Aku tidak mengacuhkan komentar usil Fey –adik semata wayangku-- yang melintas di ruang tamu dengan kaus penuh keringat. Aku menoleh sekilas, lalu kembali berfokus pada talkshow di TV. Reno dan Bella duduk di sampingku, ikut mencerna acara tersebut dengan raut sok serius.
“Tumben, Mbak. Biasanya kan elo paling anti sa…”
“Shut up,” aku melempar bantal sofa ke arah Fey. “Mendingan lo mandi. Baunya sampe ke sini, tuh.”
“Don’t change the subject,” goda Fey si mulut jahil. “Sejak kapan lo jadi Nona Penyayang gini?”
“People change.” Aku bergumam, setengah terkejut karena jawaban yang kaluar dari bibirku.
People change?
Maybe yes. Aku tidak bisa menahan diri untuk melirik Reno dan Bella yang memandangi layar TV tanpa berkedip. Senyumku mengembang perlahan.
Entah bagaimana awalnya, aku juga tidak tahu. Tiba-tiba aku tidak terlalu merasa keberatan lagi dengan kehadiran dua pengganggu itu. Malah sebenarnya, aku agak senang mereka ada di sini, seperti sekarang. Aku senang ketika mereka mendekatiku, untuk meminta makananku atau sekedar minta disayang. Aku senang ketika mereka menatapku dengan wajah polos yang menggemaskan. Aku senang ketika mereka masuk ke kamarku setiap pagi dan mengajakku bermain. Aku bahkan tidak ragu membelai mereka dengan sayang. Aku… jatuh hati.
Ya, aku jatuh hati. Pada mereka yang kubenci. Padahal aku baru pulang 4 hari.
“Ati-ati, Mbak,” lagi-lagi Fey muncul dengan gaya selebornya yang khas ketika aku asyik mengelus kepala Bella, “ntar kalo udah balik ke Chicago lo bisa kangen berat sama mereka.”
Aku tidak menjawab. Sepertinya sih iya. Aku pasti akan kangen. Tapi itu kan masih lama. Masih ada 3 minggu sebelum aku kembali ke sana.
“Delia, Fey, ayo makan dulu!” Mama berseru. “Makanannya udah siap! Ayo, nanti keburu dingin nggak enak, lho!”

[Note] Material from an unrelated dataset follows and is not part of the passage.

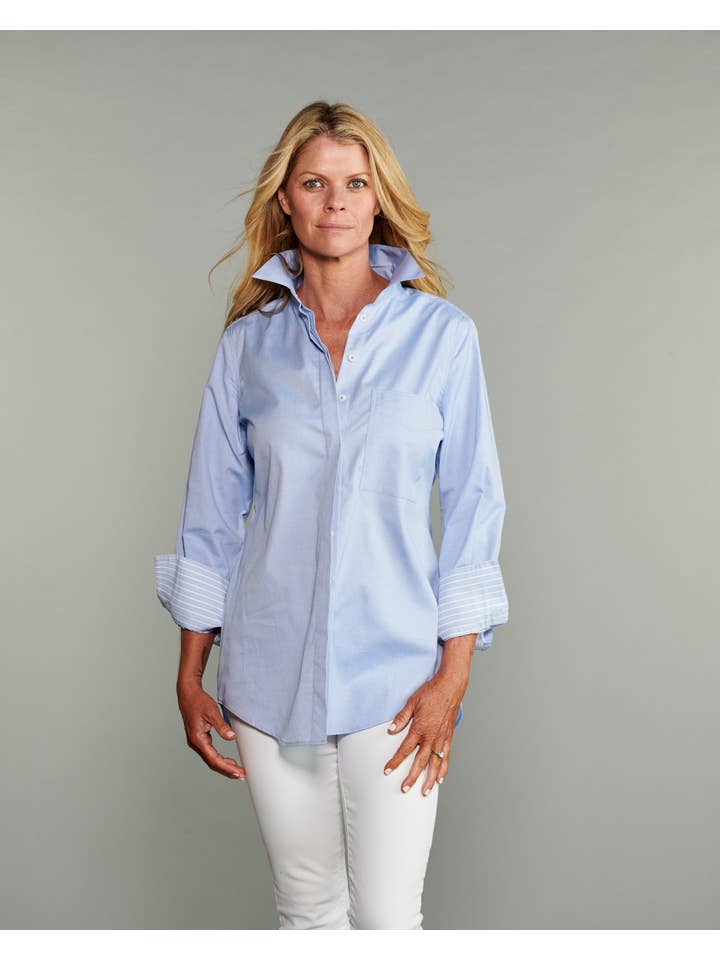 Claridge + King - Wholesale Button Down Shirt - Women's - The Modified Boyfriend Shirt in Light Blue Oxford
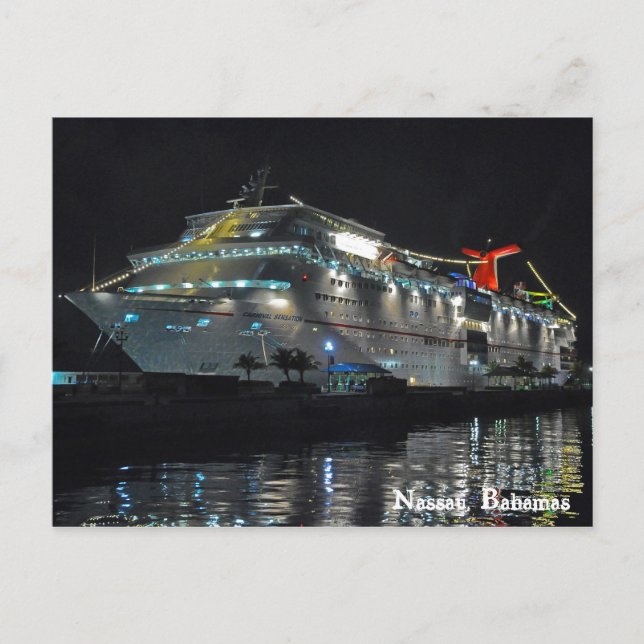 Cruise Ship In Nassau, Bahamas Postcard (Front)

Aku dan Fey saling bertukar pandang, menggeleng-geleng heran. Mama selalu lupa bahwa anak-anaknya tidak berumur 7 tahun lagi.
Aku bangkit dari sofa dan berjalan ke ruang makan. Fey menduluiku, setengah berlari. Aku menoleh ke arah Reno dan Bella yang masih asyik di depan TV.
“Reno, Bella, sini!” seruku sambil terus berjalan.
Dua anjing golden retriever melompat turun dari sofa dan mengibaskan ekor dengan gembira. Sinar matahari yang menerobos dari jendela menciptakan siluet indah saat Reno dan Bella mengikutiku dengan lincah sambil berebut menjilatiku.